SCIENTIFIC EFFECTS THAT HAPPEN WHEN A MAN GROWS A BEARD

Just recently I started growing a full fledged Beard! I can tell you that a beard gives you a sense of style and power. Also the Opposite Sex loves something extra to Grab on! LOL!

Happy Growing!!!

Franklin White

BY NICHOLAS CONLEY/NOV. 12, 2018 2:29 PM EST/UPDATED: MAY 1, 2020 3:01 PM EST

As you’ve probably noticed by now, beards are in. These days, the scruffy look once reserved for mountain men, lumberjacks, and hippies can be seen everywhere from billboards to fashion runways to business conferences. Don’t believe those occasional headlines proclaiming that the end of the bearded era is nigh: while fashion always moves in trends, beards aren’t going anywhere, anytime soon.

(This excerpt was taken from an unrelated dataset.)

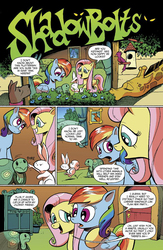 Size: 663x1019 | Tagged: safe, artist:andypriceart, idw, official comic, angel bunny, fluttershy, rainbow dash, tank, dog, giraffe, pegasus, pony, rabbit, tortoise, g4, spoiler:comic, spoiler:guardians of harmony, animal, comic, female, guardians of harmony, mare, preview, speech bubble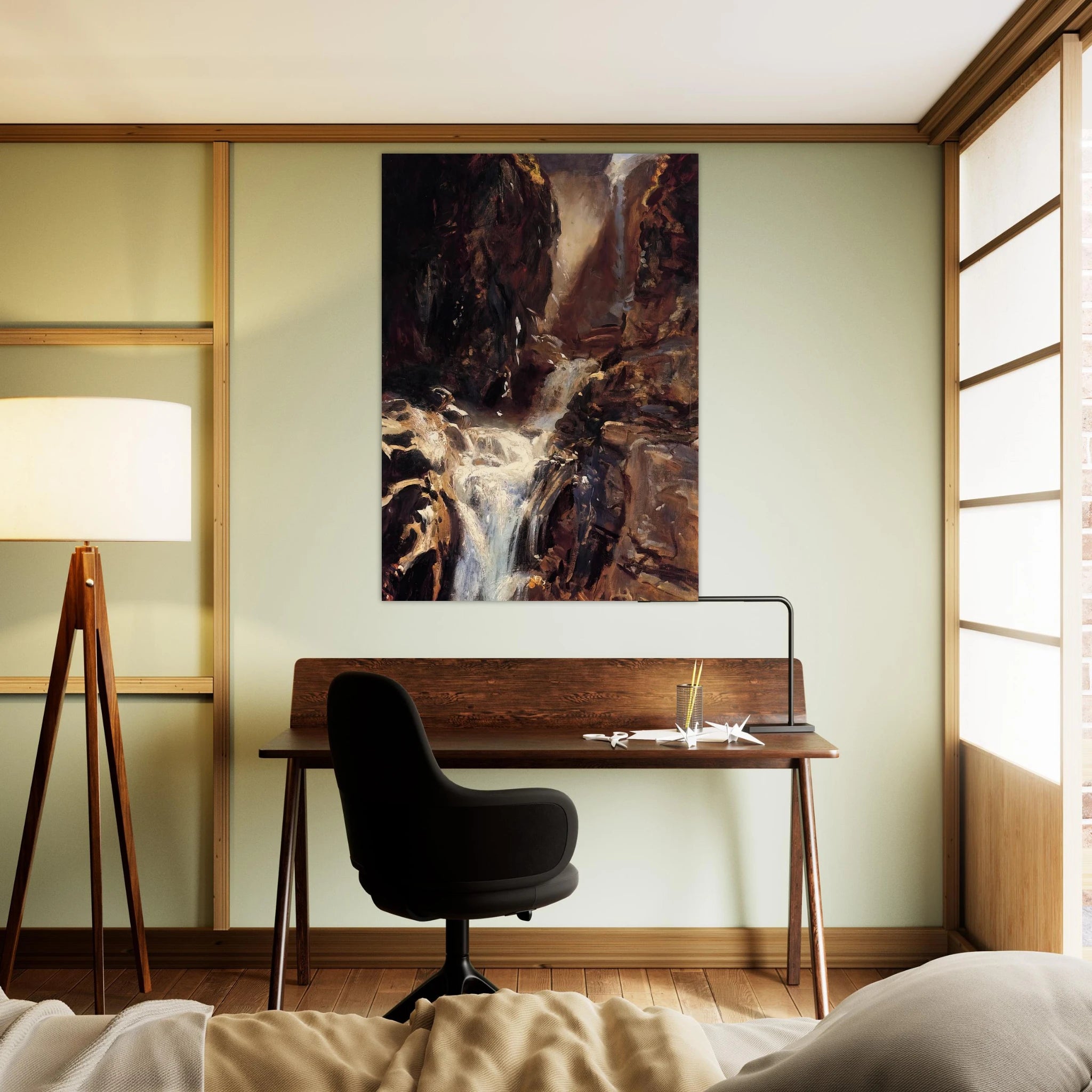 A Waterfall - John Singer Sargent Art Print - A0 (84.1 x 118.9  cm) / 33.1 × 46.8 inches | John Singer Sargent Poster | John Singer Sargent Prints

Ask anyone who has ever bearded up, and they’ll tell you that life changes once you embrace your inner werewolf. People look at you differently. You feel different. As a whole, the impact that a beard has upon a person’s life is way bigger than you might think, and to back that up, here are some scientific studies that have been done on beards — many of which, one would assume, may have been conducted by bearded men. Here’s what happens when you grow a beard.

YOUR BEARD IS A SKIN CANCER FORCEFIELD

Sunburns suck. But similar to how the hair on your head protects your scalp from turning cherry red, beards provide the same level of defense for your chin, cheeks, and upper lip. So if you get burnt, and then shave, you might have a paler “beard shadow” left over, which would look pretty silly … but on the other hand, this also means that your beard protects you from skin cancer. Pretty swell, right?

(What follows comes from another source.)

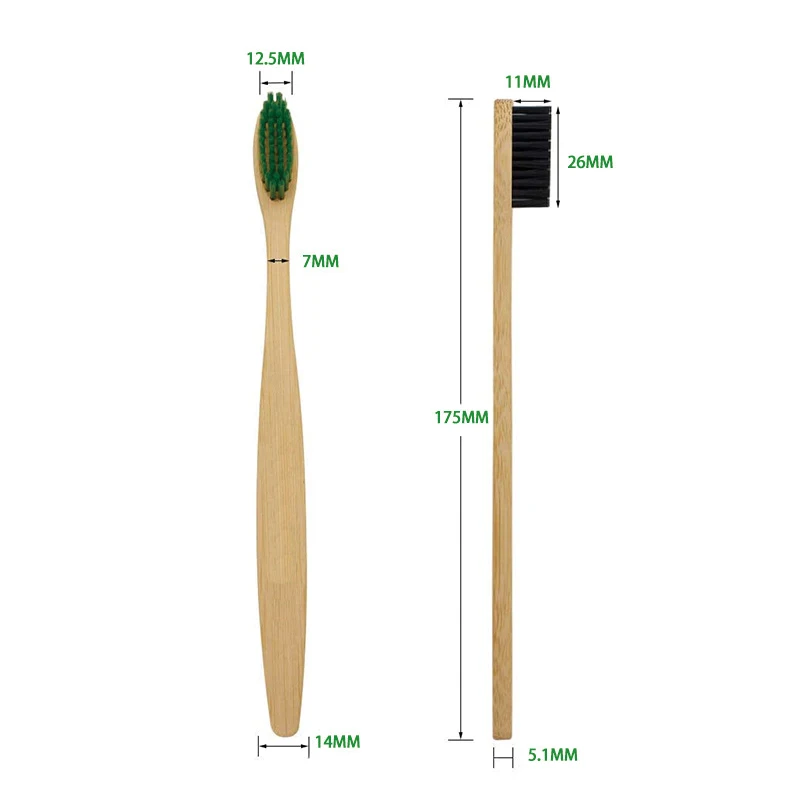 Cepillo de dientes de bambú 100% biodegradable, cerdas suaves, ecológico y desechable para uso doméstico, con caja de embalaje OEM de mayorista de China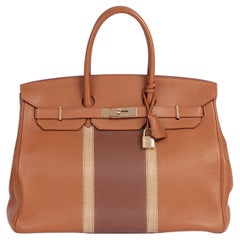Hermès Gold, Marron d'Inde Clemence Leather & Ficelle Lizard Leather Club Birkin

According to a study by researchers at the University of Queensland, having facial hair reduces your exposure ratios by about one-third, compared to a clean-shaven face, and the ultraviolet protection factor, or UPF, ranged from 2 to 21. For those who aren’t science geeks, this means a beard protects you from about 90-95 percent of dangerous ultraviolet rays that would hit your face, thereby significantly lowering your risk of getting skin cancer on your face. Voila! Still, unless you’re growing beards on your forehead, forearms, and neck, don’t ditch the sunscreen.

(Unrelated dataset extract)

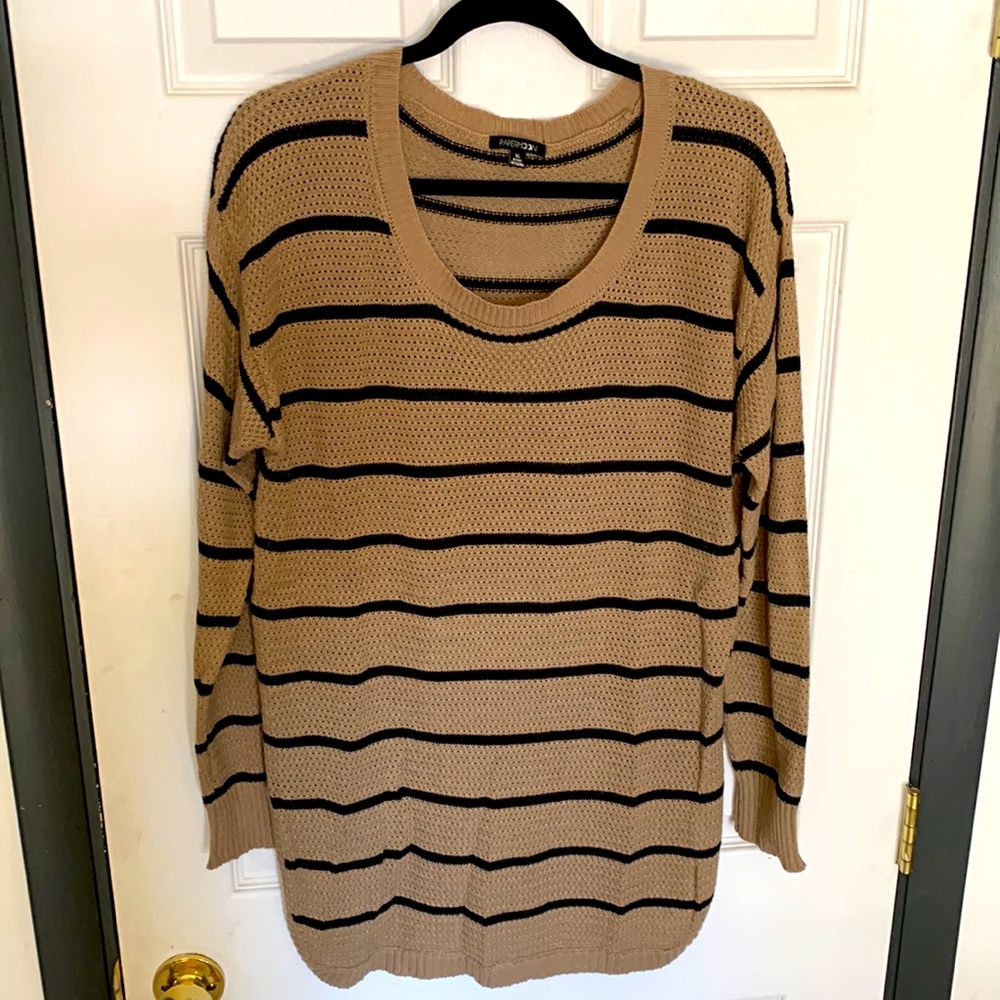 Tan/Black Striped Sweater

YOU BECOME MORE ATTRACTIVE

Attraction is a matter of taste, and everyone likes different things. But when it comes to monitoring general trends, research shows that a good, healthy beard makes a guy seem more attractive right now to the majority of people surveyed. The New York Times cites a study conducted by the University of Queensland, where over 8,000 heterosexual women were asked about surveyed regarding men’s attractiveness. Results varied, of course — for example, 5 o’clock shadows were seen as better one-night stand propositions, whereas men with fuller beards were assessed as better long-term partners — but on average, the majority of surveyed women preferred guys with some scruff. Another study surveyed gay men and found that they also gave higher ratings to men with a healthy amount of whiskers. If you mostly want to join the beard club to level up your romance game, science is on your side.

MAYBE MOVEMBER SHOULD BE MULY

The best time to have a huge, bushy beard would probably be in November, when embracing your inner Wolverine will both help raise cancer awareness and impress all your fellow No Shave November pals. Apparently nature didn’t get the memo, though. A study published by the British Journal of Dermatology tracked the facial hair growth of 14 men in the United Kingdom, ages 18-39, for about 18 months. Researchers found beard growth tended to peak in the late summer, particularly August and September, and then steadily slowed down over the succeeding months, reaching its most molasses-like pace in January and February. (Apparently the growth rate of thigh hair showed a similar pattern, if you were curious.)